Sunday, July 25, 2010

Tricks of the Trade

I’ve just finished reading the most wonderful book and it is of course Floortje Zwigtman’s ”Schijnbewegingen” (Tricks of the Trade). To my big surprise this Dutch masterpiece from 2005 hasn’t been translated into English, and really I don’t understand why. This book should be filmed, it should be made into theatre, it should be on everybody’s lips as it is plain and simple brilliant.
Luckily I read a little Dutch and I read both German and Danish fluently, so I’ve read the book in all three languages (in German and Danish the book has been renamed ”I, Adrian Mayfield”) and I was amazed. I just couldn’t get enough. I have already ordered volume two of the series in German (as the Danes are not going to publish the rest of the series) and volume three in Dutch (as it’ll take a little time before the German translation surfaces).
Few books have made as huge an impression on me as this masterpiece by Floortje Zwigtman. William Faulkner’s “The Sound and The Fury” was one, Elias Canetti’s “Die Blendung” another, not to mention Douglas Adams’ “A Hitch Hikers Guide to the Galaxy”, but with this book I’ve got a new favourite. I just couldn’t put it down and read the entire 500+ pages in one go!
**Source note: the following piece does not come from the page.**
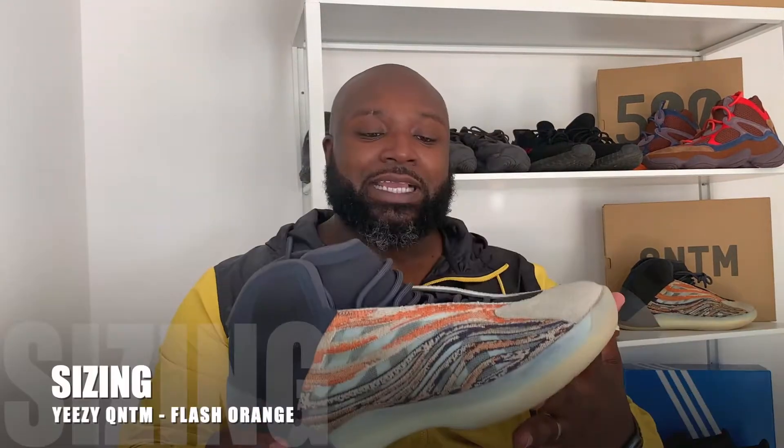Sizing: I managed to pick these up in a 12 and a half, and that's basically my kind of size. I usually wear a UK size 12, so half a size up is probably where you want to be. Some people might want to go a full size up — it is pretty tight to get in, it's a pretty narrow entry point. But it is a pretty wide fit, so I'd probably just go half a size up, or stick to your regular size if you're feeling confident.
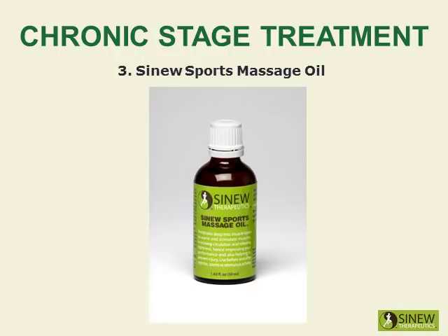The sinew sports massage oil is recommended for use before and after exercise, sports, and strenuous activity. It warms and stimulates your muscles, increases circulation, and relieves tightness, hence improving your performance and helping to prevent injury.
The year is 1894, the place is London and here 16 year old Adrian Mayfield works for a men’s tailor. After a bar brawl he quits his job and tries to figure out what to do next. His father is an alcoholic actor and former pub landlord and his mother - who has left her husband because of his drinking - is a poor seamstress. His older sister Mary Ann works in a music hall and all in all none of them are able to help the street-hardened Adrian. Instead he hooks up with the middle aged second-rate artist August Trops, who introduces him to Oscar Wilde, Aubrey Beardsley and other flamboyant and powerful personalities of the time. Adrian finds work as an artist’s model and slowly comes to term with the fact that he is gay.
Adrian’s life seems to be on track, he even falls in love with a young lord, but then his new friends relocate to Europe for the summer and Adrian is again out of a job. He finds work in a male brothel and learns how dangerous it is to be gay at a time when this was regarded a crime; blackmailers and the police being your worst enemies.
In the end Adrian has to choose between his integrity and his fears, his flamboyant friends and the outraged bourgeoisie and last but not least true and false love.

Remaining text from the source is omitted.